Look below for the line containing "Ultra Premium Men's" and the line containing "Antiguas tinta negra"; repeat exactly those two lines and all lines between them, and nothing else.

═══ SUPPLIED INFORMATION

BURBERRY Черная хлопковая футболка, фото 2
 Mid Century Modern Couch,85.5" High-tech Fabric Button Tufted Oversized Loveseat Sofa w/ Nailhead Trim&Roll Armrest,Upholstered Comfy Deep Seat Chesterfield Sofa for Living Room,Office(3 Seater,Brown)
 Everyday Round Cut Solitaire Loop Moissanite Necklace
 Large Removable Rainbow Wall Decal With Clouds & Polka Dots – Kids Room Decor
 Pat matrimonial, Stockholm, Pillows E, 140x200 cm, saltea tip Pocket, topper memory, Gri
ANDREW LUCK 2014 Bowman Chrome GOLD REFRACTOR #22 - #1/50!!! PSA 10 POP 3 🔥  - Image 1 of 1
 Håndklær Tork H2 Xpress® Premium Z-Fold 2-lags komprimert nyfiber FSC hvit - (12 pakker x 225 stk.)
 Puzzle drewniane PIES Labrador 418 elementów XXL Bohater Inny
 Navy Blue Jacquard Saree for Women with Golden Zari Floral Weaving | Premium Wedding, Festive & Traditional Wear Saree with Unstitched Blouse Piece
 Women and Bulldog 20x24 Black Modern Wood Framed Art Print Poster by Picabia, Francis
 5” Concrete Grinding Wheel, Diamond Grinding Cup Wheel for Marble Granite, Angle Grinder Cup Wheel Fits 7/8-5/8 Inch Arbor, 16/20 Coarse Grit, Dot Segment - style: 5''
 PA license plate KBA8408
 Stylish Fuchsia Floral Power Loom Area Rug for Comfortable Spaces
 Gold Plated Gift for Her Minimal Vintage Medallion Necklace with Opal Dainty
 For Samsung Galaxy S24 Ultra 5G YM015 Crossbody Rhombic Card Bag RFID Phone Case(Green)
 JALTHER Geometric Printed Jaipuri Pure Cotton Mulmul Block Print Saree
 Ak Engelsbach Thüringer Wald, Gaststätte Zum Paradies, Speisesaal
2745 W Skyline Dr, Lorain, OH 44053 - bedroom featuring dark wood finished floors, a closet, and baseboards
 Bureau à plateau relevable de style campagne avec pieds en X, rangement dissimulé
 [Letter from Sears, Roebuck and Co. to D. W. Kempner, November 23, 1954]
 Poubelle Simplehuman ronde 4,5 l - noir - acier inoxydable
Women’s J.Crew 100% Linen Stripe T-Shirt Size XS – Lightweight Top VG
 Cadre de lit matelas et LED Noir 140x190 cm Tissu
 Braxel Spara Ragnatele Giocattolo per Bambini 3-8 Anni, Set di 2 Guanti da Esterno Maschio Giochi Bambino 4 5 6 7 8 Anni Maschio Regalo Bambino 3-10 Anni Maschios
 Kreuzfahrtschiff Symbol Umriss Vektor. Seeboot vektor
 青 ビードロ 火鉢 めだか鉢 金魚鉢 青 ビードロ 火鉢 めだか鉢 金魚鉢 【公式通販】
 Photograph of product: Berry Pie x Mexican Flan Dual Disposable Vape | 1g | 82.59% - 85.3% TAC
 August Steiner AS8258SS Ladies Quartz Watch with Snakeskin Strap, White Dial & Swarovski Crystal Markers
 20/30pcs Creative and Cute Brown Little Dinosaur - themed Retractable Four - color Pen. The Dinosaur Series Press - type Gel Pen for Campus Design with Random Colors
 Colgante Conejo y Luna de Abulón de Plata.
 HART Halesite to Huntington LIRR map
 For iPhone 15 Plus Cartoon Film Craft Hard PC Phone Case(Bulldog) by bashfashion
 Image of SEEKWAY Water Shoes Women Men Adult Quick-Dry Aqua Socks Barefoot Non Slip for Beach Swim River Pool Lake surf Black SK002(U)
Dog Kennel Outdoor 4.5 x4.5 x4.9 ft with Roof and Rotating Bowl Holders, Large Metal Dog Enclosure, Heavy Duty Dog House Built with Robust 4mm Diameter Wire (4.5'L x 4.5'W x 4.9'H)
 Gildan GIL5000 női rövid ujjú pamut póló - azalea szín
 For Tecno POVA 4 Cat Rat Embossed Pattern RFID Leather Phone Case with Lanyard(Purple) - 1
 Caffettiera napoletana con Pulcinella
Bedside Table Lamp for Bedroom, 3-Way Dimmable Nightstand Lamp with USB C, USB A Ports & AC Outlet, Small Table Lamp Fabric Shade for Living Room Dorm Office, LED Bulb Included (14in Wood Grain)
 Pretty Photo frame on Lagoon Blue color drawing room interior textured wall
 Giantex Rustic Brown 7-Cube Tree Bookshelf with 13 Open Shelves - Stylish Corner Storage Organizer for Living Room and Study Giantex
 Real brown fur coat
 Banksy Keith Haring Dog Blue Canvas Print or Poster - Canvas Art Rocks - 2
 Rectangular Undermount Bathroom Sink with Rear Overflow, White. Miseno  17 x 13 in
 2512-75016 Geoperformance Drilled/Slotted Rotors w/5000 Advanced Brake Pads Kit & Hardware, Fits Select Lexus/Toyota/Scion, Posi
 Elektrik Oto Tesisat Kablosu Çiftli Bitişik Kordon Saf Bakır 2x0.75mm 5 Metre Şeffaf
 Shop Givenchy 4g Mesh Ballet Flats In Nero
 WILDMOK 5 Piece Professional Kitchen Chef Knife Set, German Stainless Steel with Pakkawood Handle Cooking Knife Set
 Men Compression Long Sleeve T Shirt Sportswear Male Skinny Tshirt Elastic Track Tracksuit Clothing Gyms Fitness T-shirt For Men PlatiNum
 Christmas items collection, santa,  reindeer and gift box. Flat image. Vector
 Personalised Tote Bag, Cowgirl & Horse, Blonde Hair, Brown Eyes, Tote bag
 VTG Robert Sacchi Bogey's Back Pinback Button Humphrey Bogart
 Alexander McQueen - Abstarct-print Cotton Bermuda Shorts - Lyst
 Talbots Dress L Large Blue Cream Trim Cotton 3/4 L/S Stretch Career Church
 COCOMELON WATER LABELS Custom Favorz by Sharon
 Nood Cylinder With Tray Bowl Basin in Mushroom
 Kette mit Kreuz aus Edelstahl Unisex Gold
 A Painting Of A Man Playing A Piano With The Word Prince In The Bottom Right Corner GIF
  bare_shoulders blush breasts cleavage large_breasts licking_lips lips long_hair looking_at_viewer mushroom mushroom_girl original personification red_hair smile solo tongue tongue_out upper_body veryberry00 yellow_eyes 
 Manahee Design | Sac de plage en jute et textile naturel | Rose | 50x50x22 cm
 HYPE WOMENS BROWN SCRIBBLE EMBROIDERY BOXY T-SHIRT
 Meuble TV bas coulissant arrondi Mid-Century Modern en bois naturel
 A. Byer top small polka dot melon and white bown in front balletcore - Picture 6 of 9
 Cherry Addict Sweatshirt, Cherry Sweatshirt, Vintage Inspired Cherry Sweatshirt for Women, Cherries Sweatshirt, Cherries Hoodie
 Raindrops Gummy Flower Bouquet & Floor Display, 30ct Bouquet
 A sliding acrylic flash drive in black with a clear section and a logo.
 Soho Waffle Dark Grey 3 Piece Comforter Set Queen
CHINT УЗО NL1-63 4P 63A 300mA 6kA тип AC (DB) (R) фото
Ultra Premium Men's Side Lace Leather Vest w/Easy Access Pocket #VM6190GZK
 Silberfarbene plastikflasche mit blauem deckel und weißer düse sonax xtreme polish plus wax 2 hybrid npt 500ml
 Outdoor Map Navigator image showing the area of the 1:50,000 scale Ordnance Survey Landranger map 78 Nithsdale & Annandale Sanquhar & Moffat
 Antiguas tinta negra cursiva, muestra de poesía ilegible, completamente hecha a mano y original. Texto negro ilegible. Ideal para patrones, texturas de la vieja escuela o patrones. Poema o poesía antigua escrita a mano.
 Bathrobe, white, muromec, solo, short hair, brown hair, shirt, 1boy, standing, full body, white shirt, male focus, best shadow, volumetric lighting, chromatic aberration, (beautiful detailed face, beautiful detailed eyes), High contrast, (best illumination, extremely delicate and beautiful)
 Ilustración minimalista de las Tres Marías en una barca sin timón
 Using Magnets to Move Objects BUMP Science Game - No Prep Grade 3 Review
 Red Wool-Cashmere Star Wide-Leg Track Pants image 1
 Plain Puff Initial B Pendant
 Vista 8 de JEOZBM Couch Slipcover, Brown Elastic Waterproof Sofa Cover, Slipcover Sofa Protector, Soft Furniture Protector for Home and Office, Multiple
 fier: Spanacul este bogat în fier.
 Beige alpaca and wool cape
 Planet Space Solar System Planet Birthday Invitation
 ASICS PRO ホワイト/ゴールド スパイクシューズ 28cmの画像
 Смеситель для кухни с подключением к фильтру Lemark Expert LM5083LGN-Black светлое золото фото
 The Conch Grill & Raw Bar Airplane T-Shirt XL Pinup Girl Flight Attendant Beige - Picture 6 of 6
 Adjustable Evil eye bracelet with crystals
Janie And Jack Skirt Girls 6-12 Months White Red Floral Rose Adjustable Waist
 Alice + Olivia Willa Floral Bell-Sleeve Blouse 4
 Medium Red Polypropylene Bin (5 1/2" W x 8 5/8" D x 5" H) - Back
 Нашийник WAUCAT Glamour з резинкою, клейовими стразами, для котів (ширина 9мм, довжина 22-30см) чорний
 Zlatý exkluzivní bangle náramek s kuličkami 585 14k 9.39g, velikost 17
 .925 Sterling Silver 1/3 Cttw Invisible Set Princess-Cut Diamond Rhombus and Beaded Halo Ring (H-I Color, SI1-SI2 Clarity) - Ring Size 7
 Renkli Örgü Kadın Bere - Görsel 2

══════

▸ YOUR RESPONSE
Ultra Premium Men's Side Lace Leather Vest w/Easy Access Pocket #VM6190GZK
 Silberfarbene plastikflasche mit blauem deckel und weißer düse sonax xtreme polish plus wax 2 hybrid npt 500ml
 Outdoor Map Navigator image showing the area of the 1:50,000 scale Ordnance Survey Landranger map 78 Nithsdale & Annandale Sanquhar & Moffat
 Antiguas tinta negra cursiva, muestra de poesía ilegible, completamente hecha a mano y original. Texto negro ilegible. Ideal para patrones, texturas de la vieja escuela o patrones. Poema o poesía antigua escrita a mano.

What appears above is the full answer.